**Task to complete:**
From the records below, transcribe only the lines running from the one with "Queso Gouda Alemán 3kg" through the one with "Balenciaga Agneau Giant". Keep both of those end lines.

(Supplied data Opens)

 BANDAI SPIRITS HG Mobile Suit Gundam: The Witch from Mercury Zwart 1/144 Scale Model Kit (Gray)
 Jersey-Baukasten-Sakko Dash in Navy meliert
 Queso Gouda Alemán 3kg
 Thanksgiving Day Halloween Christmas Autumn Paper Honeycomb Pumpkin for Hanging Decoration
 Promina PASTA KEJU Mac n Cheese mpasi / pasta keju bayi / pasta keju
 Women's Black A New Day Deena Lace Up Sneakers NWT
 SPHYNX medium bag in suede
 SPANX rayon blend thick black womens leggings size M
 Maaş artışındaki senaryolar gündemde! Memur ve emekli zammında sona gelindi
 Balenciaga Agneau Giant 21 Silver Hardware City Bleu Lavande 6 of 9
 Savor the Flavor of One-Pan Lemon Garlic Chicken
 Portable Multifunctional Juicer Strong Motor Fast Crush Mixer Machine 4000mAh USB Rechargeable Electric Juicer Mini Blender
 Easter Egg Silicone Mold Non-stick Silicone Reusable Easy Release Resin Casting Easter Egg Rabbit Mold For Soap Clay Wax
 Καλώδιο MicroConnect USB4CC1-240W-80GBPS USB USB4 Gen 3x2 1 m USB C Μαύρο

(Supplied data Closes)

**Exercise solution:**
 Queso Gouda Alemán 3kg
 Thanksgiving Day Halloween Christmas Autumn Paper Honeycomb Pumpkin for Hanging Decoration
 Promina PASTA KEJU Mac n Cheese mpasi / pasta keju bayi / pasta keju
 Women's Black A New Day Deena Lace Up Sneakers NWT
 SPHYNX medium bag in suede
 SPANX rayon blend thick black womens leggings size M
 Maaş artışındaki senaryolar gündemde! Memur ve emekli zammında sona gelindi
 Balenciaga Agneau Giant 21 Silver Hardware City Bleu Lavande 6 of 9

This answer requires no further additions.